The navy yard, regardless of which state it’s in (it is currently in Maine) has played host to more than just that argument. Prisoners from the Spanish-American War were encamped there and the yard hosted the Treaty of Portsmouth, which ended the Russo-Japanese War and which yielded Teddy Roosevelt the Noble Peace prize, though he never laid a foot in New Hampshire for fear the pact would not be signed. But it was in the 1800s that the yard did what it does best and that is to build ships better and faster than anyone!
More than 35 vessels were built on the yard during the 1800s and those ships changed as often as sailors professed love to a girl on a Friday night. The century started off with schooners and sloops, moved into steam and frigates and gunboats during the mid-part of the century and then later to tug boats, side-wheel steam gunboats and steam frigates. The yard changed with the times and found prosperity in the new century building and maintaining submarines.
Ship building in the later 1800’s gave way to agriculture, as the new country only needed new ships for new wars. Once we hit the 1900’s the building and maintenance of submarines during the Second World War and later the re-tooling of these under water ships gave the shipyard a new life in the late part of the 1900s. The yard has been on the base closer list ever since there was a list but many believe it is immune to the politics that surround these decisions mainly because two states claim ownership. The fortunes of the city that surround this yard have surged and waned as often as the tide.
For many the city is defined through its relationship with the Navy Yard. Two gates and three bridges are often clogged with the thousands of workers that go there daily but it is also those workers who in the last century who were responsible for the many neighborhoods and schools that now make up what is referred to as “old Portsmouth”. As many of the prostitutes will tell you the town cannot grow without a healthy amount of se(a)men.
When there was a war Portsmouth thrived due to its vibrant shipbuilding industry however business, much like a strumpets garters, lifted and fell due to the whims of unforeseeable needs. Large beautiful Federal and Georgian houses were built and abandoned leaving squalor along the riverbanks where there was once majesty. The cities South End was either the pinnacle of luxury or an abandoned dockyard depending on the century and decade. Once the mannered people left the river the empty houses were taken over by immigrants who were looking for work and a cheap place to live.
The South End, which is currently the most expensive place to live in Portsmouth, has spent more time being at the bottom of the barrel then at the top of the heap. A large surge of Russian Jews in the early part of the 1800’s garnered the area the nickname of “Palestine Beach” because of its large Jewish population. Now those same houses are worth millions and we can be sure that everyone dickered at the eventual selling price.

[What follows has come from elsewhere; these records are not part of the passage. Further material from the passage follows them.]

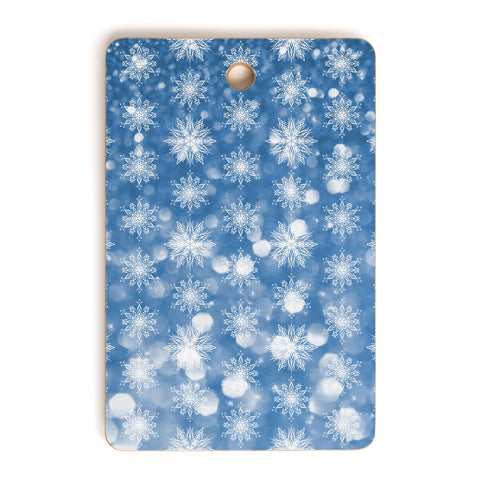 Lisa Argyropoulos Holiday Blue and Flurries Cutting Board Rectangle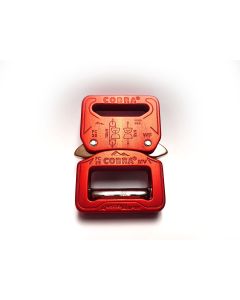 AustriAlpin Pro Style 25mm / 1" Red Anodised Cobra Buckle - Male Adjustable Female Fixed FY25RVF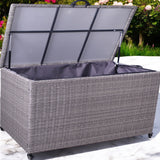 Charcoal Weave KD Cushion Storage Box 826L from Roseland Furniture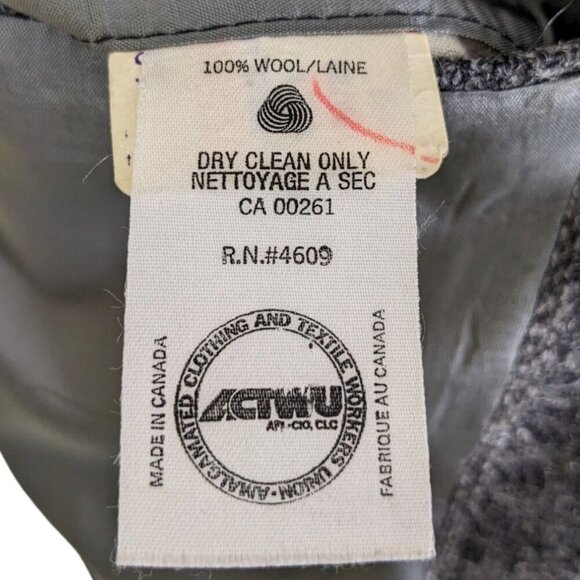 Vintage Mens 2 Button Blazer Jacket Sz 43 Regular Gray Virgin Wool Nino Cerruti - Picture 6 of 10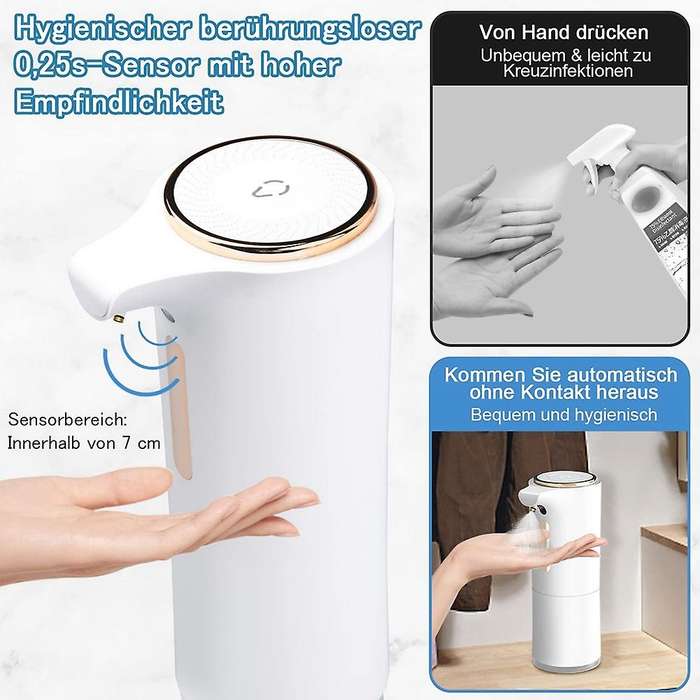 Automatic Touchless Alcohol Dispenser Touchless Soap Dispenser Spray Machine 300Ml Rechargeable Soap
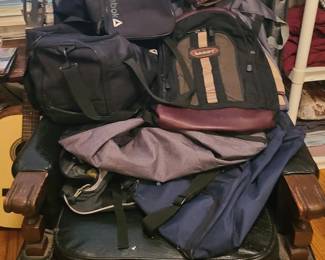 Vintage Black Recliner - Name Brand Travel bags and backpacks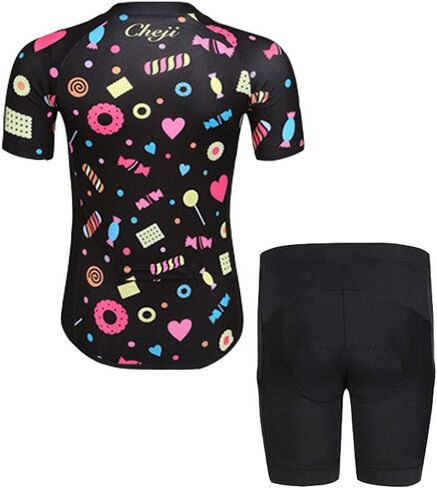 LiFschal Kids Cycling Jersey Set (Short Sleeve Jersey + Padded Shorts) in Saudi Arabia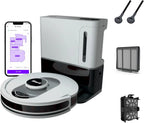 Voice Control Robot Vacuum with Matrix Clean Navigation, Home Mapping, 60-Day Capacity, XL Self-Empty Base for Homes with Pets, Carpet & Hard Floors, Cool Grey
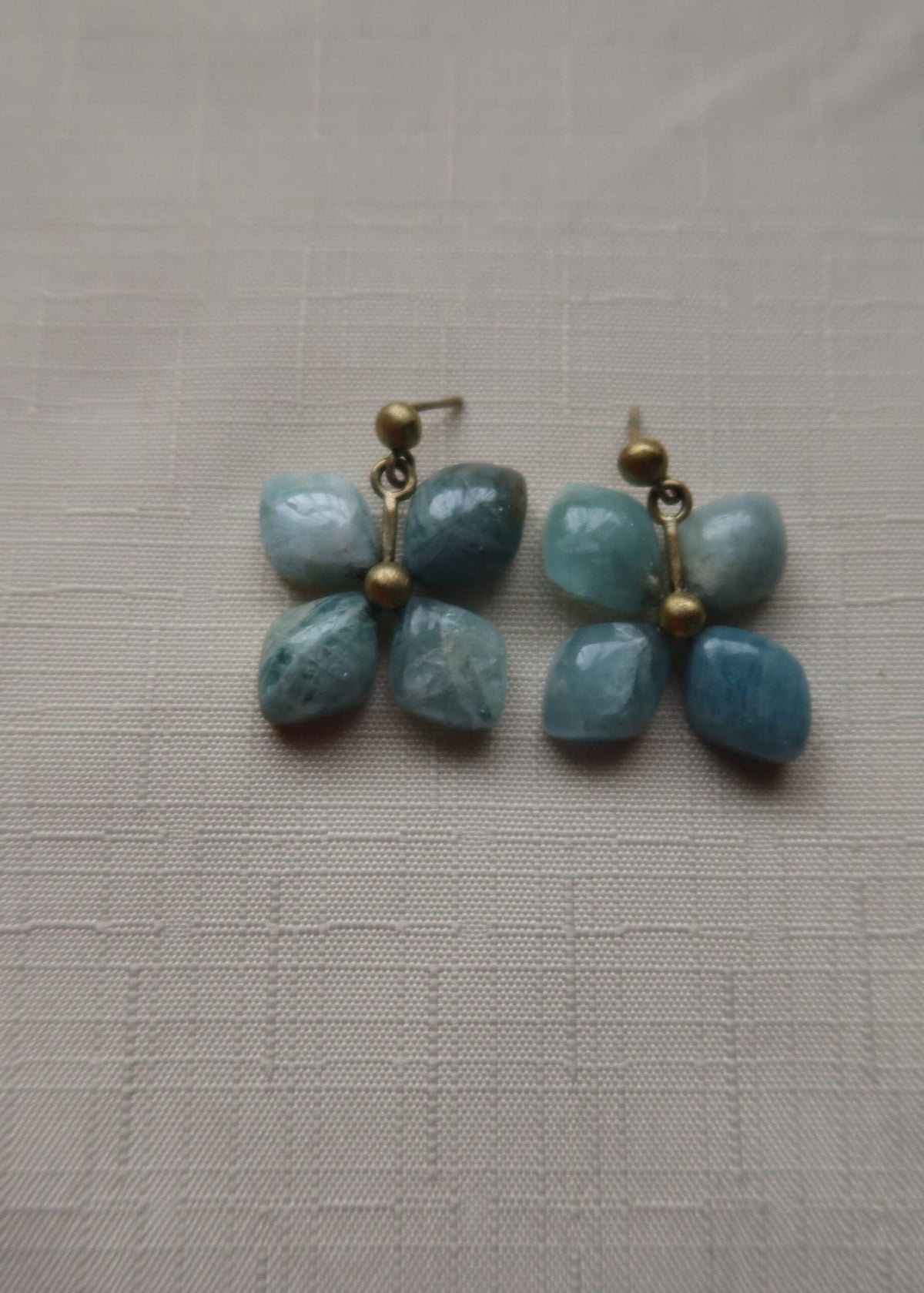 RENIKEJI Earrings Aquamarine Bibi Drop Earrings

Federal urban renewal robbed the city of its North End where the majority of the Italian population lived as more than 400 houses were leveled in the name of progress. Luckily, the South End was spared the same destruction thanks to the work of historian Dorothy Vaughn who saw value in these old abandoned houses. The history that was so often swept under the carpet would soon be the cities most valuable commodity. Names like Washington, Whipple, Revere, Wentworth and Jones brought the city stature and a much-needed economic boost when we needed it the most.

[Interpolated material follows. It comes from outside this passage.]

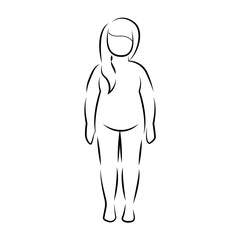 women body drawing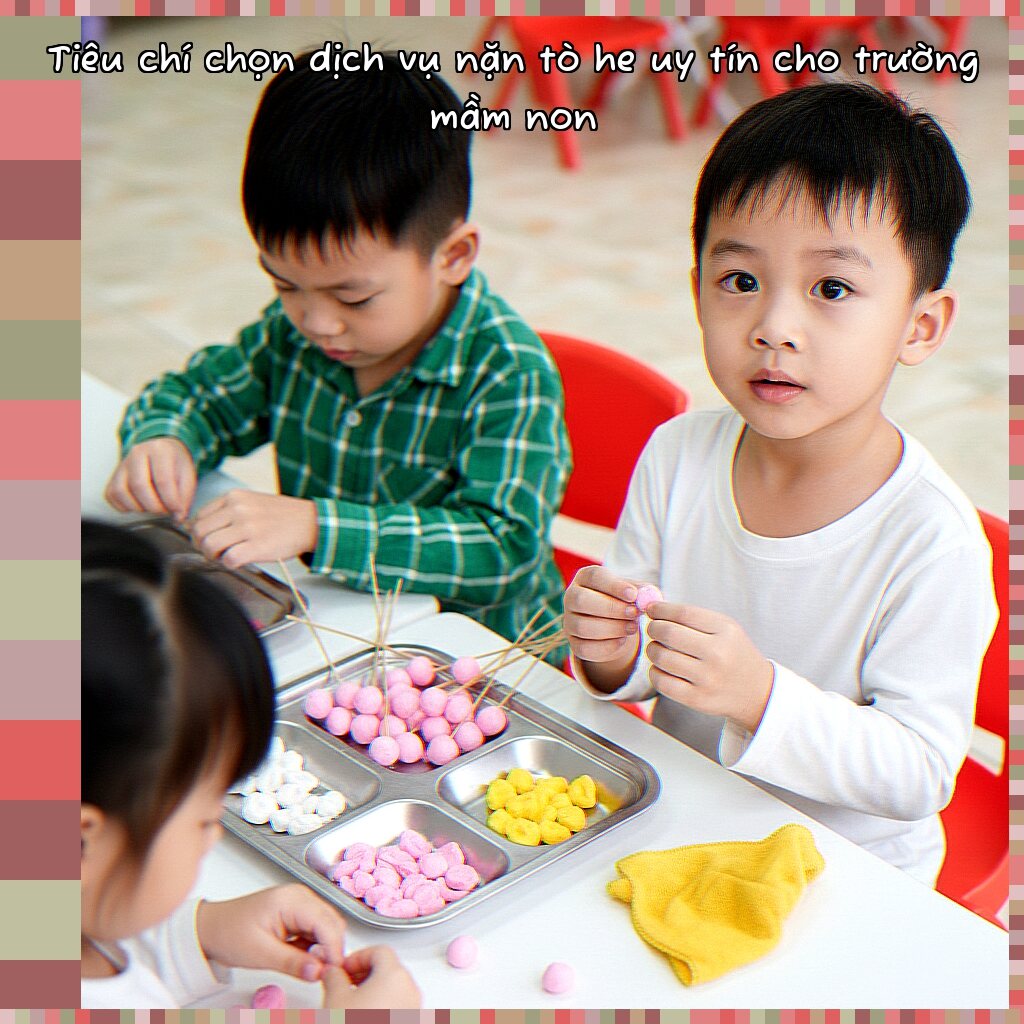Tiêu chí chọn dịch vụ nặn tò he uy tín cho trường mầm non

How valuable is history? Valuable enough to save Portsmouth from dying out in the late 1970s after the closure of the Air Force Base in the adjoining town of Newington. Thousands of people merely left the city leaving schools half-full and businesses without any customers. It was history the city had to sell and it was the cities past that brought people back to town. Suddenly the many historic houses, many of which had been saved from the wrecking ball at the last minute, were giving the town a new life. These houses supplied the economic engine to get the town back on its feet but the many years of putting people on their backs was what put money in their coffers. During the turn of the last century it was the nightlife that eventually set the city apart.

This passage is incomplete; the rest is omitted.